● **Material supplied**:
•••

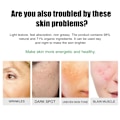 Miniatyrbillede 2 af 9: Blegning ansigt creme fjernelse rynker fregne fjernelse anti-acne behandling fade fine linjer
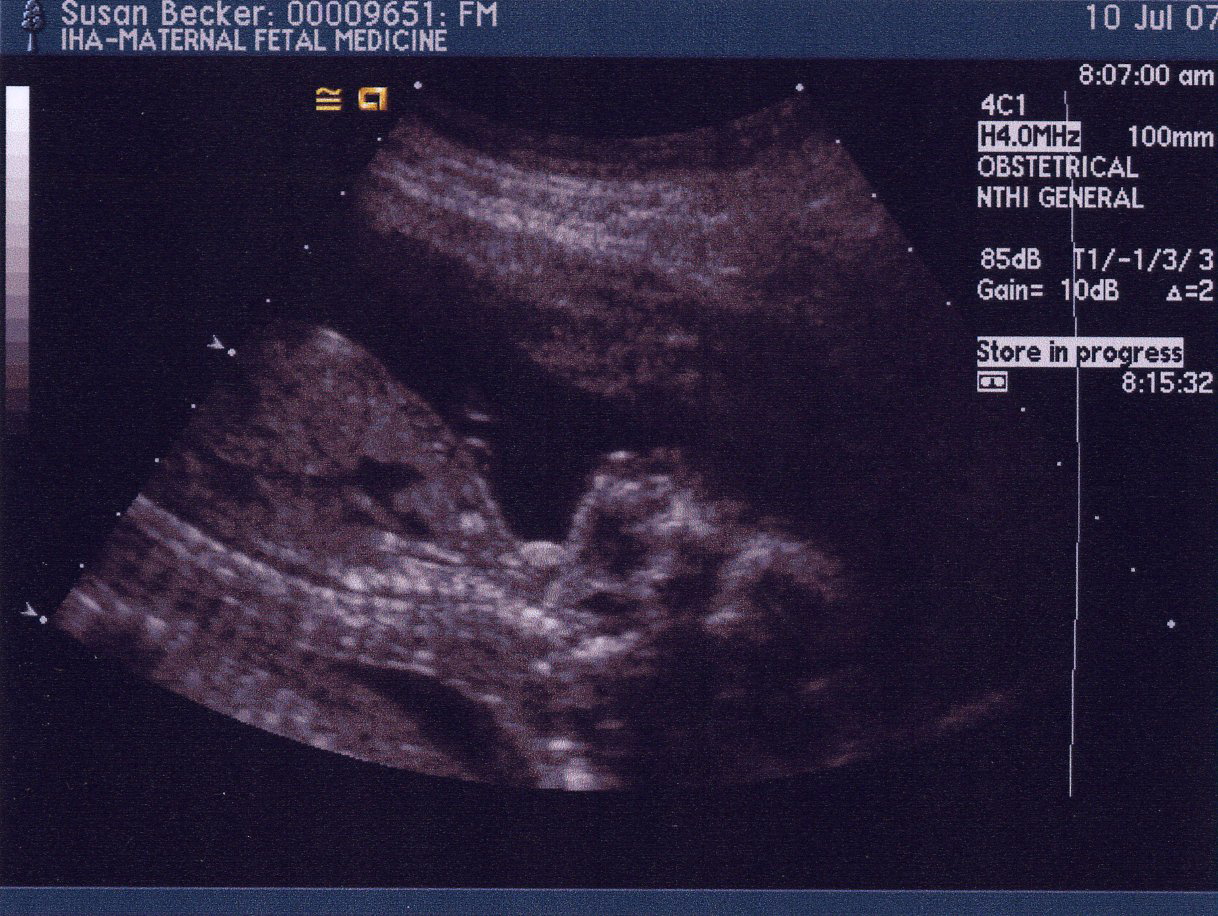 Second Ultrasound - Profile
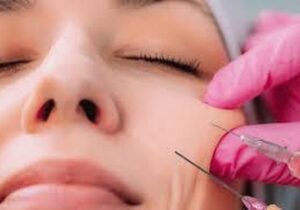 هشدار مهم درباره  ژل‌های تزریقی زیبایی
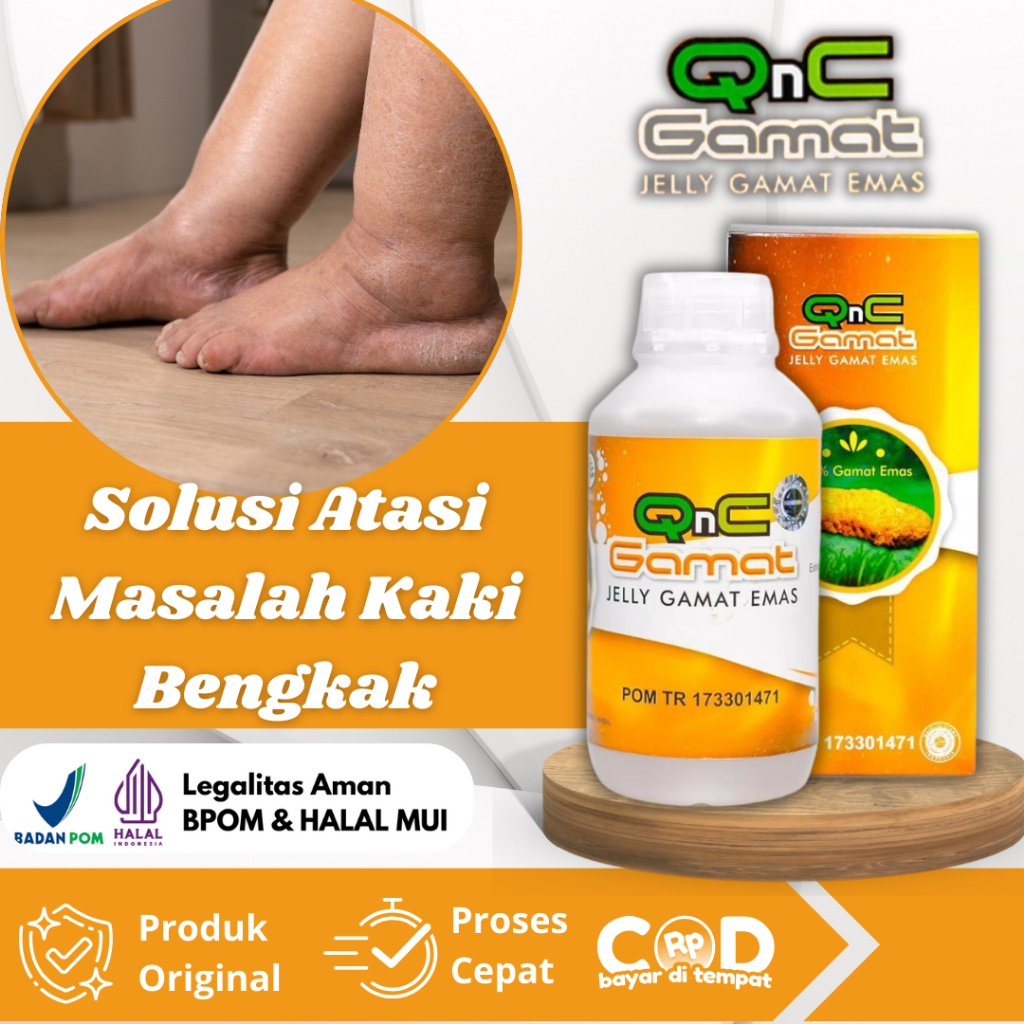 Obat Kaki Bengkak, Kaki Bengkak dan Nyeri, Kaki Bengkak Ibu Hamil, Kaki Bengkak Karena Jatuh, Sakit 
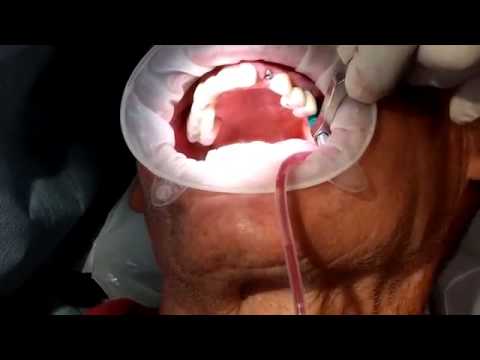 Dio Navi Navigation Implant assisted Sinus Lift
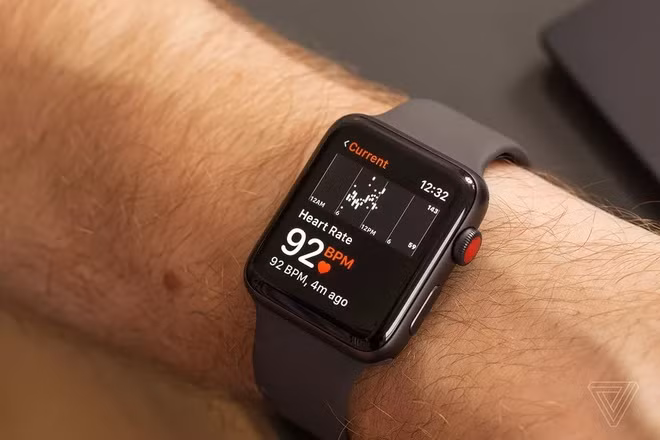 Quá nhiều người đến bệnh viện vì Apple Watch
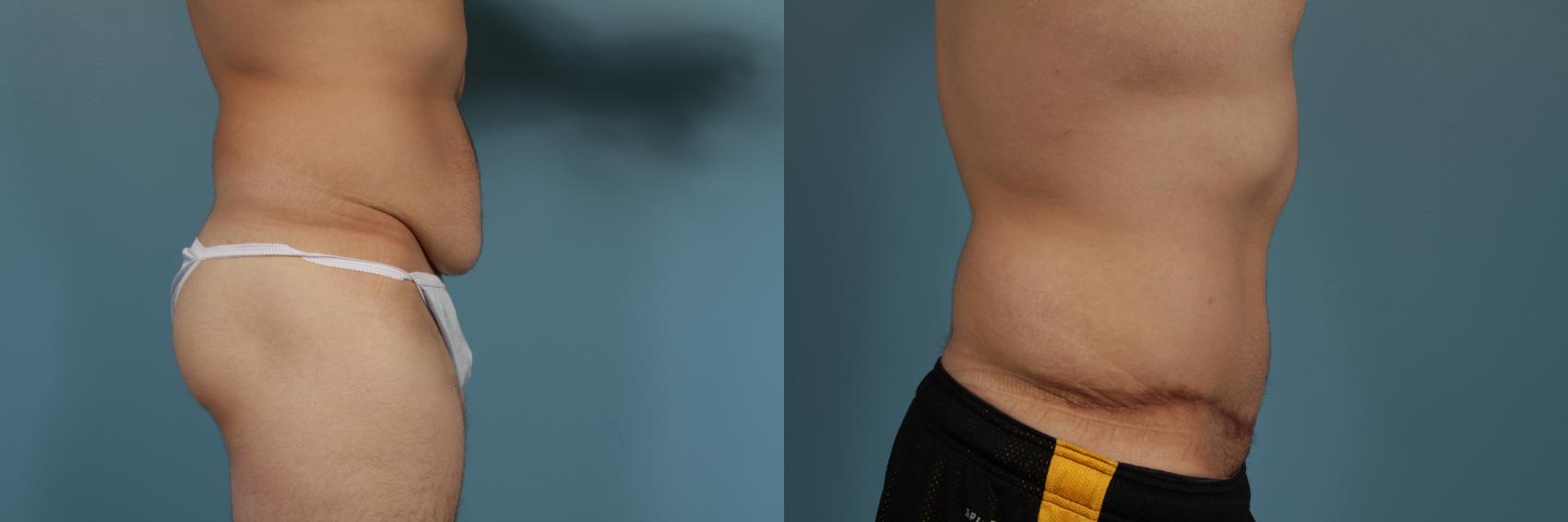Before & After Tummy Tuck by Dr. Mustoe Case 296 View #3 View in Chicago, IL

•••

● **Task description**: Please set down, exactly and with nothing added, the lines from the line with "Quá nhiều người đến bệnh viện vì Apple Watch" to the end of the entries above, omitting pictures.

● **Result for this task**:
 Quá nhiều người đến bệnh viện vì Apple Watch
Before & After Tummy Tuck by Dr. Mustoe Case 296 View #3 View in Chicago, IL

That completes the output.